Hasta hace pocos meses, Araceli había juntado chapulines pequeños para su abuela, que los espolvoreaba con chile rojo y los amontonaba en una canasta de palma para venderlos en el mercado. Araceli extrañaba el sabor del chile ahora. Sentía que los dientes se le aflojaban en las encías por todas las naranjas que se comía en la noche con su amiga Elpidia en los naranjales que rodeaban el trailer park.
Los chapulines no hacían ruido ahora, ya bien entrada la calurosa mañana, cuando las mujeres limpiaban los cuartos del hotel. Pero desde el número 14, el áspero sonido de algo pequeño se había grabado en la cabeza de Araceli. Cinco días antes habían agarrado un chapulín grande dentro del cuarto, y el letrero que decía «Do not» estaba colgado en la puerta como un escapulario. Ahora había silencio en el camino de loseta roja que iba a lo largo de los blancos muros de adobe. El hotel parecía una iglesia enorme, rodeada de veinte capillitas. Dentro de los cuartos, mujeres con batas blancas, vendas blancas y dientes blancos esperaban a que sus cicatrices desaparecieran. Araceli se preguntaba si rezarían.
Abrió con su llave el número 13. El cuarto estaba vacío, con las toallas húmedas y amontonadas en el suelo, como si alguien las acabara de lavar en el río.
Afuera, en el pasillo, oyó que la supervisora, Luz, hablaba en español con uno de los jardineros. Luz era norteña, de Sinaloa. Era mandona, tenía las mejillas pálidas como el nixtamal y no hablaba mixteco. «¿De Oaxaca?», había exclamado cuando Araceli y Elpidia llegaron a trabajar al hotel, llevadas por el primo de Elpidia, Rodolfo, que trabajaba en la lavandería. «¡Puros indios!».
Wash. Limpia. Sandoo. Cada palabra que Luz decía caía en la cabeza de Araceli, donde las encerraba como si fueran chiles en diferentes cajas de madera en el mercado, mientras su abuela los iba señalando con su dedo huesudo. «Fíjate bien», le decía su abuela, cuando Araceli aún era una niña, «cada chile tiene un sabor diferente. Tienes que conocerlos todos para saber cocinar». Su abuela añadía la única palabra que decía en español: Tesoro. «Para mí, todo lo que como es un tesoro. Nadie sabe lo que es el tesoro de otra persona.»
Araceli arrojó las toallas empapadas al carrito de la lavandería.

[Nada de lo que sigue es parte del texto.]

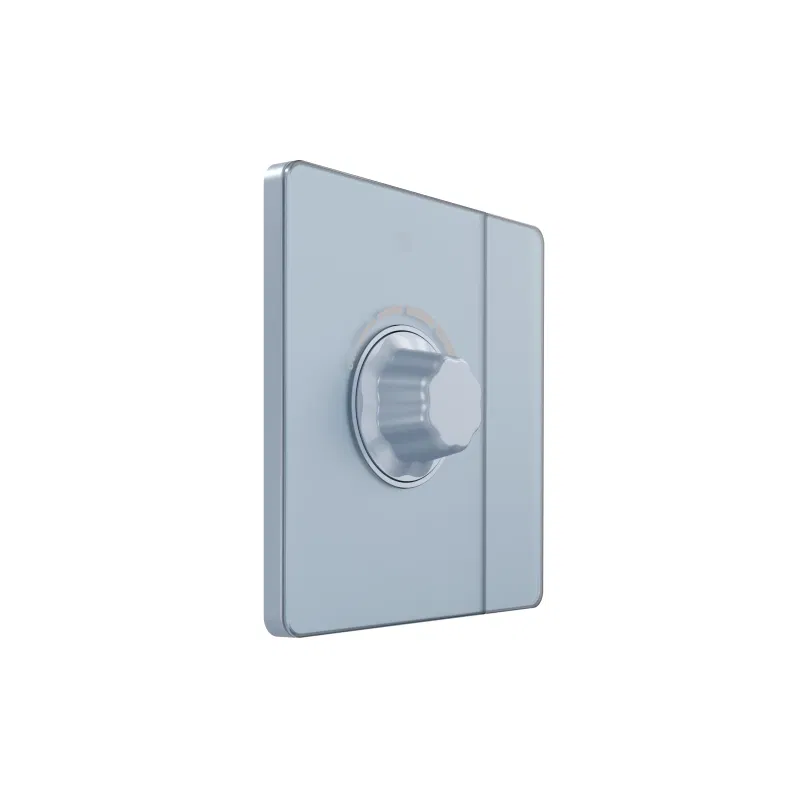 调光器 1路 SP TRIAC Systeme Infinity 10A 300W 250V 带开关 钢青色 SE FSE001121 Systeme Electric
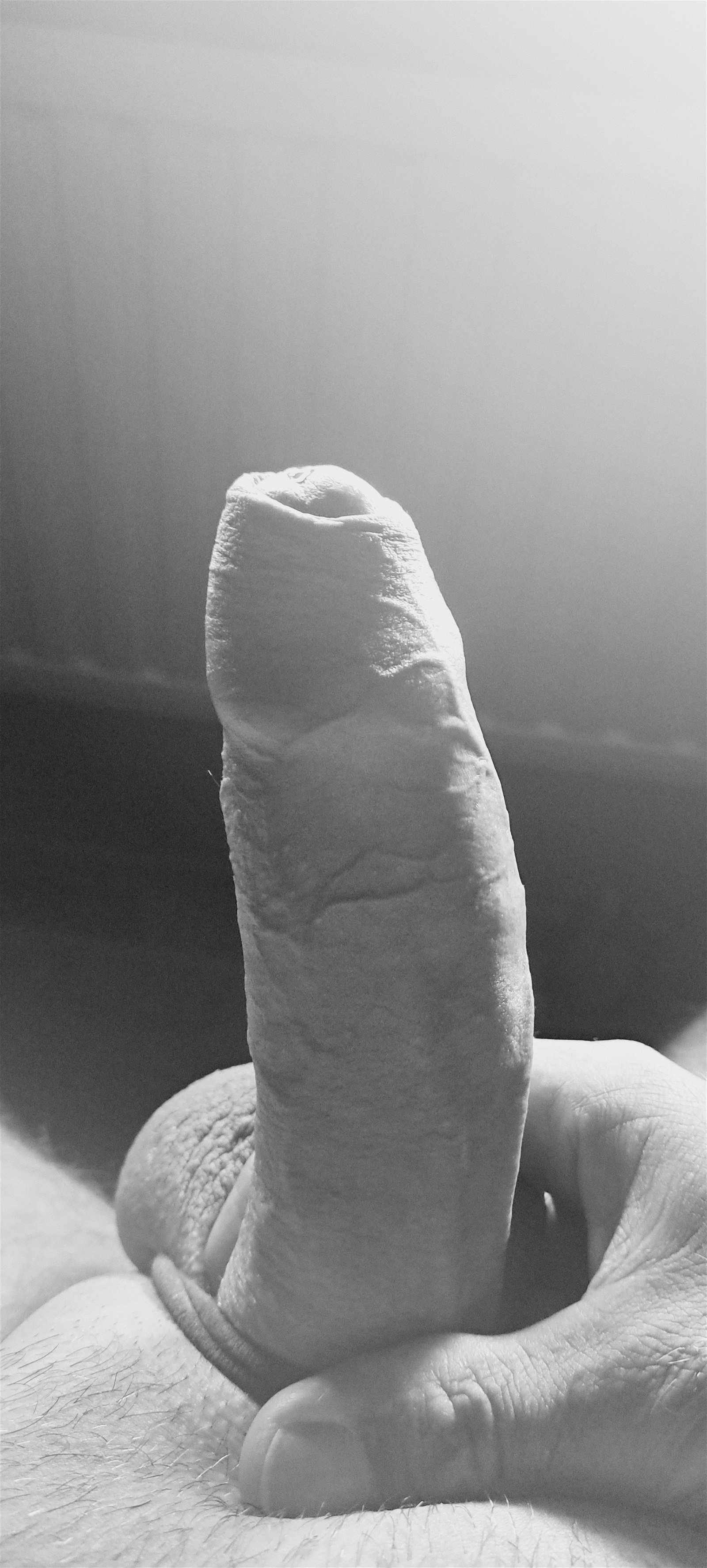 Photo by Ikke2021 with the username @Ikke2021,  August 23, 2023 at 3:11 PM. The post is about the topic Beautiful Cock and the text says 'i think look pretty nice..... amateur photographer'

Lavar. Sacó los claveles marchitos del pequeño florero que estaba en la cómoda. Flowers. Flores. Ita. Echó las flores marchitas en su bolsa de basura y sacó tres claveles nuevos de la cubeta de su carrito. Las mujeres que se quedaban ahí parecían fantasmas. Claveles blancos. Las toallas también eran blancas, así como las sábanas, las batas, las toallitas, las vendas. Los claveles tenían un olor semejante al del clavo. Araceli cerró los ojos por un momento. De noche, en el naranjal, Elpidia y ella hacían mole negro, como el que su abuela vendía en el mercado a las mujeres demasiado flojas para hacer el suyo, un barro negro de salsa concentrada que luego resucitaban en su casa. Chocolate, clavo, cacahuate y chile rojo, comprados en el mercado oaxaqueño de la comunidad mexicana que vivía en la ciudad cercana.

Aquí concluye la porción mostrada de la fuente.